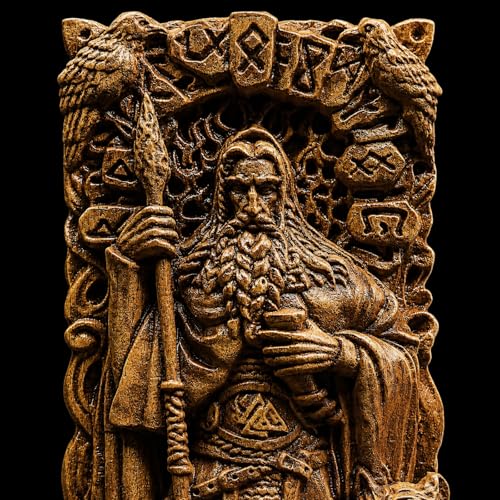 Estatua de Odín en madera, escultura nórdica decorativa miniatura 2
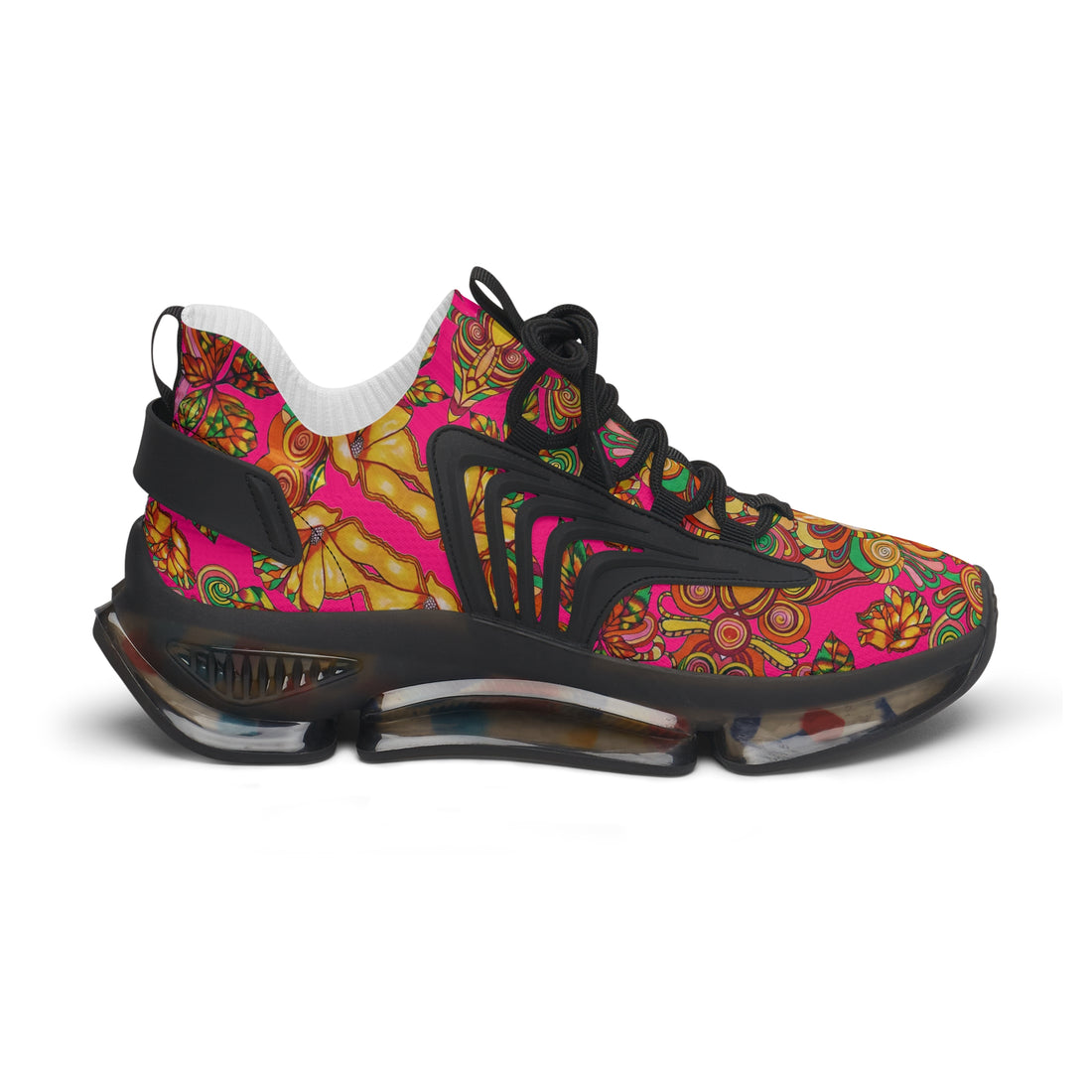 Hot Pink Artsy Floral OTT Women's Mesh Knit Sneakers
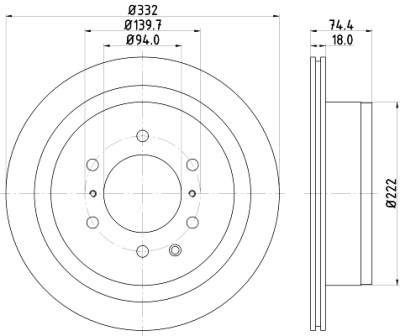 Disque de frein HELLA 8DD 355 119-091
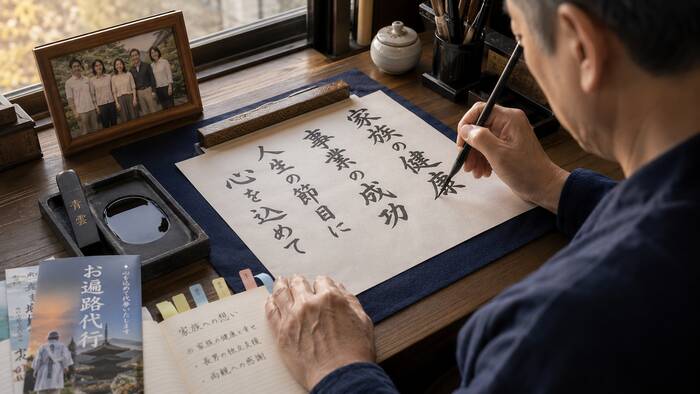 人生の節目に本格的な願掛けを選ぶ場面の温かいシーン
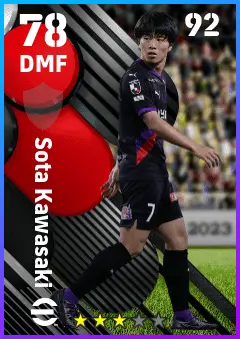 Sota Kawasaki eFootball 2026 player card — 78 OVR DMF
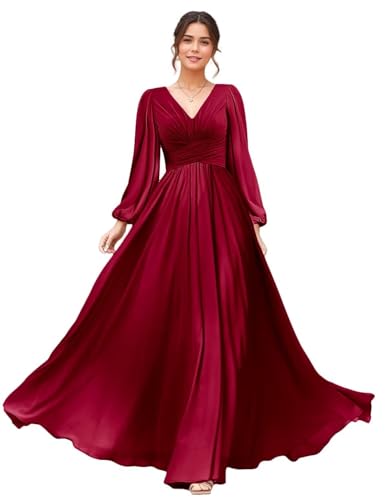 VKBRIDAL Women's Chiffon A Line Bridesmaid Dresses V Neck Floor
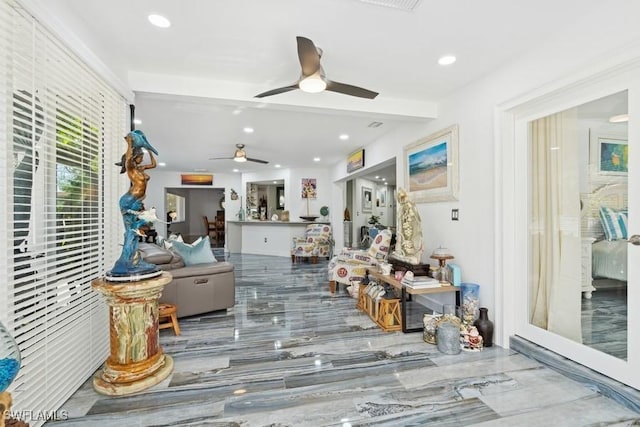 mudroom with a ceiling fan and recessed lighting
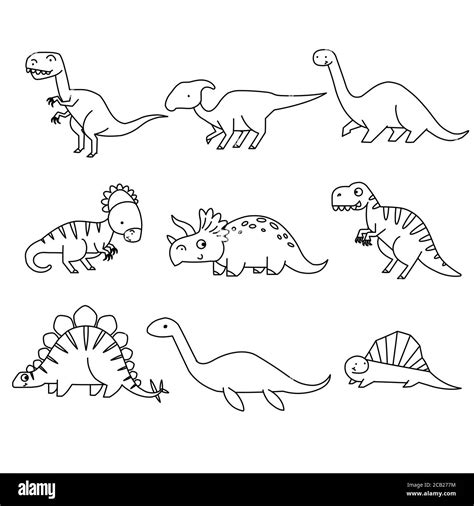 Set Of Cartoon Dinosaurs Cute Dino Black And White Vector Illustration For Coloring Book Stock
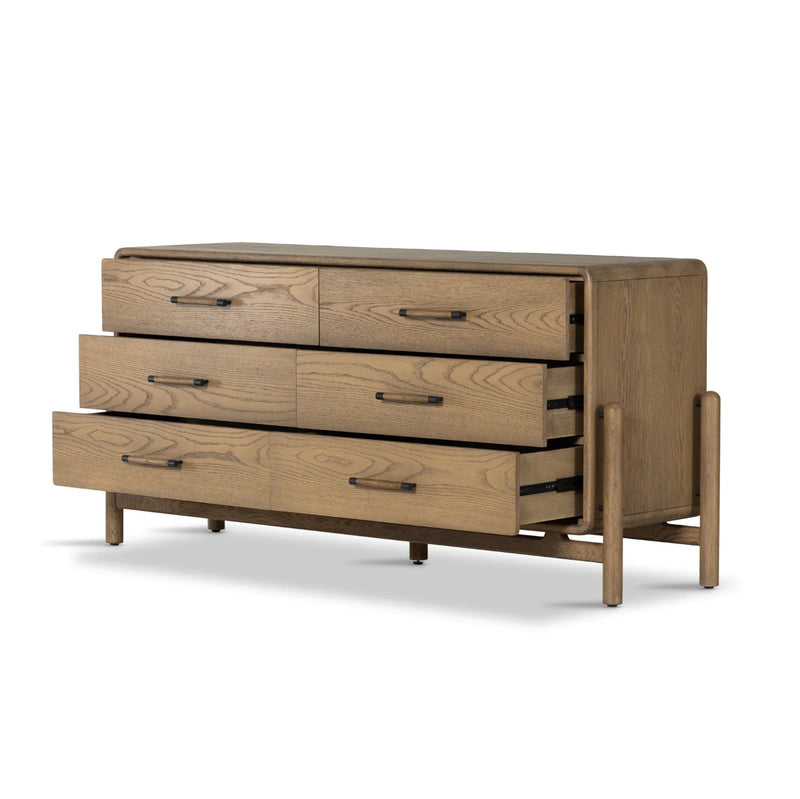 Modern 6-Drawer Dresser – Rounded Corners & Metal Bar Handles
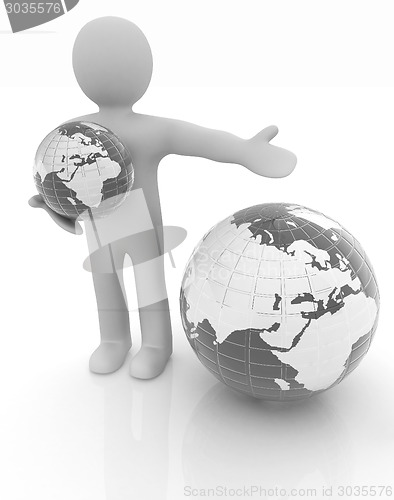 Image of 3d people - man, person presenting - pointing. Global concept wi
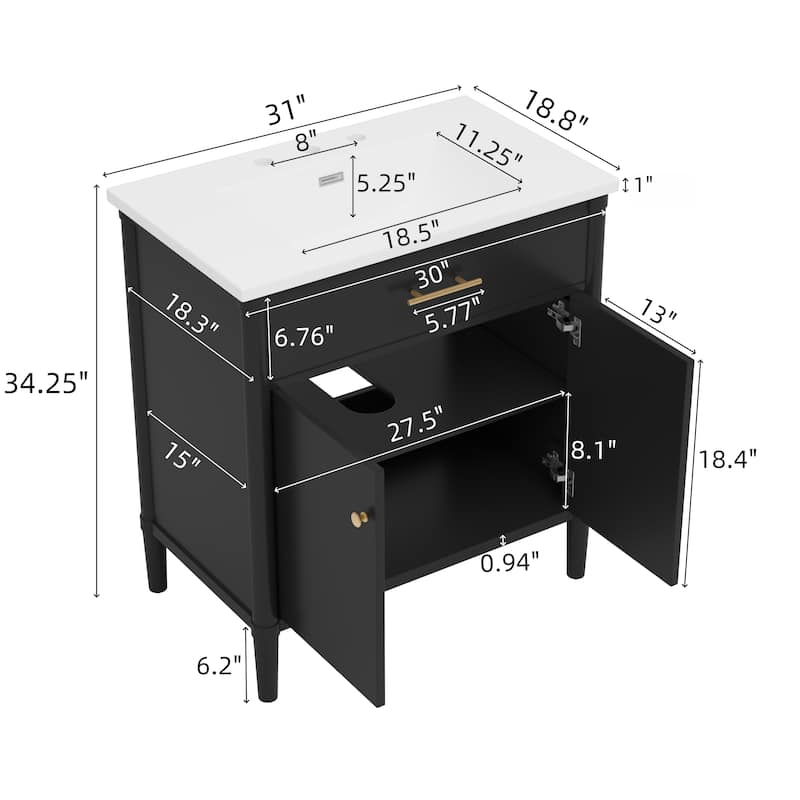 Bathroom Vanity with Sink, Bathroom Cabinet with Soft Close Doors and Adjustable Shelf - Black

# # #

• [THE TASK] Starting at the line that contains "mudroom with a" and ending at the line that contains "Image of 3d", transcribe the material above exactly, excluding pictures.

• [RESULT]
 mudroom with a ceiling fan and recessed lighting
 Set Of Cartoon Dinosaurs Cute Dino Black And White Vector Illustration For Coloring Book Stock
 Modern 6-Drawer Dresser – Rounded Corners & Metal Bar Handles
 Image of 3d people - man, person presenting - pointing. Global concept wi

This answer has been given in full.